### PROMPT
The task calls for each record to be given again exactly.

### EXTRACTED MATERIAL
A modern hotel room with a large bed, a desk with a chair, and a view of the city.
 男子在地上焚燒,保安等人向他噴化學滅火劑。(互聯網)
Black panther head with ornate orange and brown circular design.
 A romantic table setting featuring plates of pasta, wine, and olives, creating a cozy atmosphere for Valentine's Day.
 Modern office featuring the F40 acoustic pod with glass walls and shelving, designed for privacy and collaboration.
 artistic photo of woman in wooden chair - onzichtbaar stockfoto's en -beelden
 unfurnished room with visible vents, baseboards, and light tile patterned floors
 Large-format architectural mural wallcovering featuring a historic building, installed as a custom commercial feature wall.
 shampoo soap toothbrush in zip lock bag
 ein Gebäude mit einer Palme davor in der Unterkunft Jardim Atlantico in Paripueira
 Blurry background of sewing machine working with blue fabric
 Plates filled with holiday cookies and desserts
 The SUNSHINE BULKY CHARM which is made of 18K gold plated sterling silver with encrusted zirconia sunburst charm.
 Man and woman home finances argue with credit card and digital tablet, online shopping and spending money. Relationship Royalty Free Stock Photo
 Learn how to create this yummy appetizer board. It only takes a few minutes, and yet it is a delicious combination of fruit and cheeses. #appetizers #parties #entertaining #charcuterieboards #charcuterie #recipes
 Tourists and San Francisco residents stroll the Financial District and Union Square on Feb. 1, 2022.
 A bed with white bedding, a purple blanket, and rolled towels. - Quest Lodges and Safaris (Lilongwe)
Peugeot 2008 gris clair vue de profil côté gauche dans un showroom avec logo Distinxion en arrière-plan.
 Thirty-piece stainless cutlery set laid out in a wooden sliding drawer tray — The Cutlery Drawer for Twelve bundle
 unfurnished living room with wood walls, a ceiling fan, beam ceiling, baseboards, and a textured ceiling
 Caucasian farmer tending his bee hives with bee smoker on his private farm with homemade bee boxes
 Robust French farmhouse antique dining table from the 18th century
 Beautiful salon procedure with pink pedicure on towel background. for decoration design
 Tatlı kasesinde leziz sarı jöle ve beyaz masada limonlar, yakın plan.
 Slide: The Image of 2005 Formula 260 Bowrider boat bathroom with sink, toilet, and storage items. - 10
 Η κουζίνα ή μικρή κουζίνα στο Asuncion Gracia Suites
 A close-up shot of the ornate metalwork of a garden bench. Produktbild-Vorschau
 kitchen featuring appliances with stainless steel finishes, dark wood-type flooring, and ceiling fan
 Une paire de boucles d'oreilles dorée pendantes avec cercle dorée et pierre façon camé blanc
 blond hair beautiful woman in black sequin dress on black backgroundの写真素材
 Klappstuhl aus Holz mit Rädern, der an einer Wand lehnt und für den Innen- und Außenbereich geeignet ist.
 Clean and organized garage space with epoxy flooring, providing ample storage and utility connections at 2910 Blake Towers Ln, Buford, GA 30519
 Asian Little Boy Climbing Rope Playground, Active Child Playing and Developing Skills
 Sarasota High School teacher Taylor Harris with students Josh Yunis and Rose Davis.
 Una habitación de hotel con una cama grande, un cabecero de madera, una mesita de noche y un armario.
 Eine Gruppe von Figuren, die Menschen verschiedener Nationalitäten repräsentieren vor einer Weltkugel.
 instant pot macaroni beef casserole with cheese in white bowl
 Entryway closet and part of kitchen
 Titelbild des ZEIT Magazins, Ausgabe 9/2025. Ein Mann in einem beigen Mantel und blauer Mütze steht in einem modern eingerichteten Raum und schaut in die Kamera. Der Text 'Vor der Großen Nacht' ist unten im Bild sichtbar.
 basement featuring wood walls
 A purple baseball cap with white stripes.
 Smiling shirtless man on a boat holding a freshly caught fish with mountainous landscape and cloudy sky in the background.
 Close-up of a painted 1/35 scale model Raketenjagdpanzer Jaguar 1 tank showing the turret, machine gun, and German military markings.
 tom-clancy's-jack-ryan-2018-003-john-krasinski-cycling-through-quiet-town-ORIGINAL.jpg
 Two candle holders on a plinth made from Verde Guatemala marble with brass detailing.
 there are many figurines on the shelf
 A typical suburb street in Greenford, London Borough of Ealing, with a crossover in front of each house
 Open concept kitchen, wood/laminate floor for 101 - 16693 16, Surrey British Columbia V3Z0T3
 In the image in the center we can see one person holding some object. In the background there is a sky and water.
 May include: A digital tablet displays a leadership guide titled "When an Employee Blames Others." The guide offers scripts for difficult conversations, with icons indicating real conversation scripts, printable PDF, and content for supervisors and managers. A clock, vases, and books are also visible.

### TASK RESULT
A modern hotel room with a large bed, a desk with a chair, and a view of the city.
 男子在地上焚燒,保安等人向他噴化學滅火劑。(互聯網)
Black panther head with ornate orange and brown circular design.
 A romantic table setting featuring plates of pasta, wine, and olives, creating a cozy atmosphere for Valentine's Day.
 Modern office featuring the F40 acoustic pod with glass walls and shelving, designed for privacy and collaboration.
 artistic photo of woman in wooden chair - onzichtbaar stockfoto's en -beelden
 unfurnished room with visible vents, baseboards, and light tile patterned floors
 Large-format architectural mural wallcovering featuring a historic building, installed as a custom commercial feature wall.
 shampoo soap toothbrush in zip lock bag
 ein Gebäude mit einer Palme davor in der Unterkunft Jardim Atlantico in Paripueira
 Blurry background of sewing machine working with blue fabric
 Plates filled with holiday cookies and desserts
 The SUNSHINE BULKY CHARM which is made of 18K gold plated sterling silver with encrusted zirconia sunburst charm.
 Man and woman home finances argue with credit card and digital tablet, online shopping and spending money. Relationship Royalty Free Stock Photo
 Learn how to create this yummy appetizer board. It only takes a few minutes, and yet it is a delicious combination of fruit and cheeses. #appetizers #parties #entertaining #charcuterieboards #charcuterie #recipes
 Tourists and San Francisco residents stroll the Financial District and Union Square on Feb. 1, 2022.
 A bed with white bedding, a purple blanket, and rolled towels. - Quest Lodges and Safaris (Lilongwe)
Peugeot 2008 gris clair vue de profil côté gauche dans un showroom avec logo Distinxion en arrière-plan.
 Thirty-piece stainless cutlery set laid out in a wooden sliding drawer tray — The Cutlery Drawer for Twelve bundle
 unfurnished living room with wood walls, a ceiling fan, beam ceiling, baseboards, and a textured ceiling
 Caucasian farmer tending his bee hives with bee smoker on his private farm with homemade bee boxes
 Robust French farmhouse antique dining table from the 18th century
 Beautiful salon procedure with pink pedicure on towel background. for decoration design
 Tatlı kasesinde leziz sarı jöle ve beyaz masada limonlar, yakın plan.
 Slide: The Image of 2005 Formula 260 Bowrider boat bathroom with sink, toilet, and storage items. - 10
 Η κουζίνα ή μικρή κουζίνα στο Asuncion Gracia Suites
 A close-up shot of the ornate metalwork of a garden bench. Produktbild-Vorschau
 kitchen featuring appliances with stainless steel finishes, dark wood-type flooring, and ceiling fan
 Une paire de boucles d'oreilles dorée pendantes avec cercle dorée et pierre façon camé blanc
 blond hair beautiful woman in black sequin dress on black backgroundの写真素材
 Klappstuhl aus Holz mit Rädern, der an einer Wand lehnt und für den Innen- und Außenbereich geeignet ist.
 Clean and organized garage space with epoxy flooring, providing ample storage and utility connections at 2910 Blake Towers Ln, Buford, GA 30519
 Asian Little Boy Climbing Rope Playground, Active Child Playing and Developing Skills
 Sarasota High School teacher Taylor Harris with students Josh Yunis and Rose Davis.
 Una habitación de hotel con una cama grande, un cabecero de madera, una mesita de noche y un armario.
 Eine Gruppe von Figuren, die Menschen verschiedener Nationalitäten repräsentieren vor einer Weltkugel.
 instant pot macaroni beef casserole with cheese in white bowl
 Entryway closet and part of kitchen
 Titelbild des ZEIT Magazins, Ausgabe 9/2025. Ein Mann in einem beigen Mantel und blauer Mütze steht in einem modern eingerichteten Raum und schaut in die Kamera. Der Text 'Vor der Großen Nacht' ist unten im Bild sichtbar.
 basement featuring wood walls
 A purple baseball cap with white stripes.
 Smiling shirtless man on a boat holding a freshly caught fish with mountainous landscape and cloudy sky in the background.
 Close-up of a painted 1/35 scale model Raketenjagdpanzer Jaguar 1 tank showing the turret, machine gun, and German military markings.
 tom-clancy's-jack-ryan-2018-003-john-krasinski-cycling-through-quiet-town-ORIGINAL.jpg
 Two candle holders on a plinth made from Verde Guatemala marble with brass detailing.
 there are many figurines on the shelf
 A typical suburb street in Greenford, London Borough of Ealing, with a crossover in front of each house
 Open concept kitchen, wood/laminate floor for 101 - 16693 16, Surrey British Columbia V3Z0T3
 In the image in the center we can see one person holding some object. In the background there is a sky and water.
 May include: A digital tablet displays a leadership guide titled "When an Employee Blames Others." The guide offers scripts for difficult conversations, with icons indicating real conversation scripts, printable PDF, and content for supervisors and managers. A clock, vases, and books are also visible.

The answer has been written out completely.